First, if the payment was made, authorized or condoned by a director or executive officer, the business organization will not be able to avail itself of an FCPA compliance defense.  Second, if the payment was made by any employee or agent in the absence of pre-existing FCPA compliance policies consistent with the best practices, the business organization will not be able to avail itself of an FCPA compliance defense.  In these scenarios involving corrupt directors or executive officers or business organizations without a commitment to FCPA compliance, the enforcement agencies will have two choices:  do not prosecute or prosecute the business organization for violating the FCPA.  This is a just and reasonable result and the third option of an NPA or DPA is not needed in such a scenario. As even the DOJ has acknowledged and empirical research has demonstrated, it is extremely unlikely that actual criminal prosecution of such a business organization will result in its demise.

Conversely, if the payment at issue is made by a non-executive employee or agent contrary to the business organization’s pre-existing FCPA compliance policies, the organization will be able to avail itself of an FCPA compliance.  Thus, as a matter of law, no FCPA prosecution of the organization will be able to proceed.  This too is a just and reasonable result and aligns FCPA enforcement with enforcement regimes in several other peer countries.

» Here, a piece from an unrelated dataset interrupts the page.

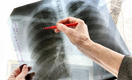 В России создадут единый регистр больных туберкулезом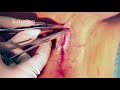 Labiaplasty Surgery Part 2 | Detailed Procedure by Dr. Hanna, Oxnard, Ventura County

The above FCPA reforms will take courage, both by Congress in amending the FCPA and by the enforcement agencies in abolishing the resolution vehicles they created.  The reform proposals may indeed result in less hard FCPA enforcement actions as certain business organizations will be able to avail itself of the compliance defense and as enforcement agencies are once again mindful of their burdens of proof in prosecuting alleged FCPA violations.

However, more FCPA enforcement is not necessarily an inherent good and ought not be the singular goal of the FCPA.  The goal ought to be constructing an enforcement regime that best promotes compliance, reduces improper conduct, best advances the FCPA’s objective of reducing bribery, increases transparency and better aligns FCPA enforcement with rule of law principles.

The above FCPA reforms will accomplish these goals as well as increase public confidence in FCPA enforcement.  The proposals will also allow the enforcement agencies to better allocate limited prosecutorial resources to cases involving corrupt business organizations and the individuals who actually engage in the improper conduct.

The FCPA has witnessed courageous moments before and a courageous moment is once again presented.